As we started the conversation, Travis first acknowledged the popularity of his role. "One consequence of the attractiveness of this type of job is that there are a lot of people doing it. If you look on LinkedIn, you'll see many thought leadership pieces from people with varying levels of experience," Travis explains. "It's not that these individuals aren't useful, but it's crucial to match their expertise with the specific problem you're trying to solve."

What Problems Do You Need Your Fractional Advisor to Solve?

When asked about the best approach for founders seeking fractional advisors, Travis recommends starting with a clear understanding of your needs. "Begin by asking yourself: What is the problem I want to unstick?" he advises. "Have a point of view about the expertise you lack as a founder and within your company.
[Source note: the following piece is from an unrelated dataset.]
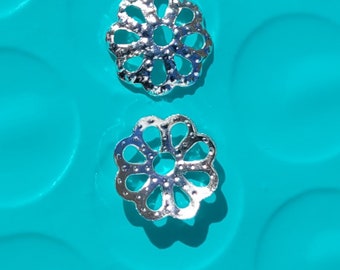 thumbnail image 2 of 100pcs Silver Plated Brass Filigree Bead Caps – 6x1mm, Scalloped Edge, Fits 6-8mm Beads 2 of 6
Identify what kind of knowledge would help you grow faster or make scaling easier."

Travis emphasizes the importance of this self-assessment, stating, "I would recommend founders start by writing out their needs explicitly. Being deliberate about this process is key to finding the right fractional advisor who can truly accelerate your growth."
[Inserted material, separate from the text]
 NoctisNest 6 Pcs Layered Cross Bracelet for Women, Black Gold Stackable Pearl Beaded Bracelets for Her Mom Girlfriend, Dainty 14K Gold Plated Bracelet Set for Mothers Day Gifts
For example, you might ask yourself questions like, what challenges is the business facing? Are there new markets you want to enter, but don’t feel you have the expertise to confidently get you there fast enough? Where are opportunities breaking down in your sales funnel? What specific skill sets are you missing on your team?  


Travis warns about a common pitfall: Thinking all that all advisors are created equal or that hiring someone to “do sales” will get them the outcomes they’re looking for. “One of my favorite conversations with technical founders starts when they say, 'I've never done sales before. I need someone who knows how to do sales.' I'll respond, 'Let's think about this: You've convinced venture capitalists to fund you and persuaded talented people to join your company. Congratulations! You're already a salesperson.” 

The key is recognizing the sales skills you already possess and finding an advisor who can help you refine and apply them to your product. It's not about outsourcing sales, but about developing your abilities and strategy. 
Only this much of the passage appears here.